Another pitfall is picking one or two "catch phrases" and doing them to death. I see this quite frequently when American authors try to render a British character. You get the feel of a good slasher film because everything is bloody. Bloody this, bloody that, after eight hundred or so uses, it has not only lost its value, it has become a distraction. The same goes for a Scottish Burr or an Irish Brogue or Cockney and especially with a Patois. Less is really more when it comes to such phrases.

Dildos, Jet Airplanes, Microwaves And The Velocipede:

This seems common sense and boils down to a simple tenet: if they didn't have it back then, don't write it. But what if your butch lesbian absolutely has to have a strapon for your climactic sex scene? Can't you just fudge it?

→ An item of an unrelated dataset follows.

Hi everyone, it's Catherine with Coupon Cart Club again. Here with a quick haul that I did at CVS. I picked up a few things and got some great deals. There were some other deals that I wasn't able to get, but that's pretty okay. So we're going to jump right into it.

Yes and no. You can fudge it, because no one knows precisely when women began to use phallic shaped objects as toys. You can't fudge it, in that Doc Johnson wasn't even a gleam in his daddy's eye back in 1896.

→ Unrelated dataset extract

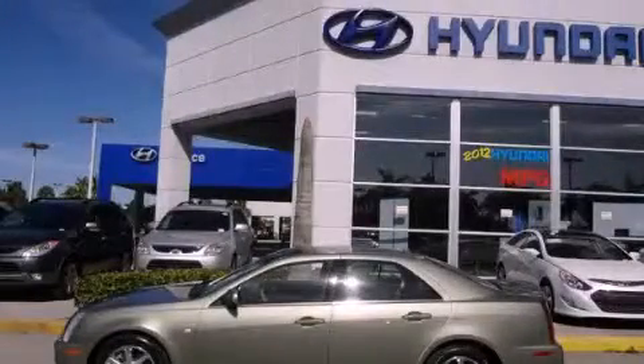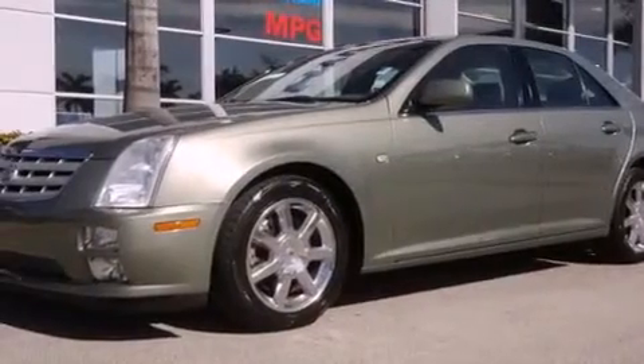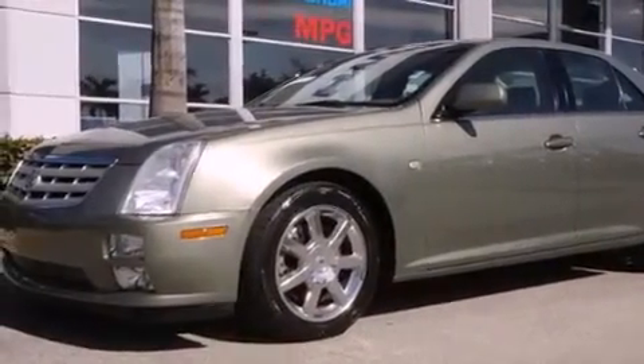This is a 2005 Cadillac STS, a drive in shape that provides endless luxury. It has a 3.6 liter, 6-cylinder engine, a 5-speed automatic transmission, and a clean non-smoker interior.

It may seem perfectly logical to you that your heroine jumps in a car and drives all night from Chicago to New York to stop her beloved from taking ship back to England. They had cars back then, so what's the problem? Just this, even trains barely managed sixty miles per hour. The model T was lucky to get four.

This one is again fixed by research. You need to know what was and wasn't available and to what extent it was functional in the time period you are writing. For something so basic, it's appallingly prevalent. I can't count the number of period pieces I've been jarred out of by the inclusion of something I know or even suspect didn't exist at the time.

The bottom line here is, if you aren't sure, look it up or don't use it. If you absolutely have to use something not available, include a plausible reason for it being there.

This example is from a pirate story entitled Captive Hearts

Abby could not take her eyes off the handsome pirate as she stripped off her shirt and removed the codpiece. Lissa stared at Abby as she undid the drawstring of her pants and eased them down.

"My God!" Abby exclaimed as she stared. Around the pirate's slim waist was a broad girdle, attached to the front of it was a large black phallus. Lissa laughed at her bride's embarrassment and stroked the large shaft.

"Like it?"

"I... Where... How?"

"The crew had it made for me in Tortuga. Their wedding gift to us. I flatter myself that the size of it reflects their respect for me,"

The pirate moved to the bed and sat holding a leg up. Abby quickly helped her out of her high sea boots. Lissa spread her legs and Abby knelt to examine the dildo. She touched it carefully and felt the smooth, warm leather.

"How does it work?"

"Well, it serves as a substitute for the real thing. Men who have been maimed have them made as well as ladies of a certain temperament."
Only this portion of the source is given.